So here’s a trick I’ve used with clients (and myself). Use November and December for test runs. For example, say you want to get fit. Use the 8 weeks before the New Year to try out different types of exercise. What suits your personality best? Which activity do you enjoy most? Do you prefer being on your own or working in a group class? What time of day/week suits you best? You may think after work is best and there is a class near you. But if you are always exhausted at the end of the day and just want to get home, chances are you will find any excuse to get out of the class. Maybe you need to get up earlier in the morning to work out in your sitting room, or go for a lunchtime swim?

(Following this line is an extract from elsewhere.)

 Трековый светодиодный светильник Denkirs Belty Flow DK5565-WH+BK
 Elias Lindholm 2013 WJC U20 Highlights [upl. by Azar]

I’ve used exercise as the example, but it could be about when you meditate or start writing your novel. If you want to change your diet, it could be when you try out different foods, recipes, etc. This year, I wanted to listen to more podcasts, but wondered when I would get the time to get into the habit. Before the New Year, I played around with times: during lunch? This ran into coaching time and mindset. At the end of the day? I was often going to private views and events. I tried out several times and in the end, I found that best time for me was in the morning whilst getting ready for the day.


You can’t always change habits overnight or even find the right thing straightway. By doing some experimenting for a few weeks with new routines, tools, etc., you can give yourself a better chance to hit the ground running in the New Year and succeeding in your new habits.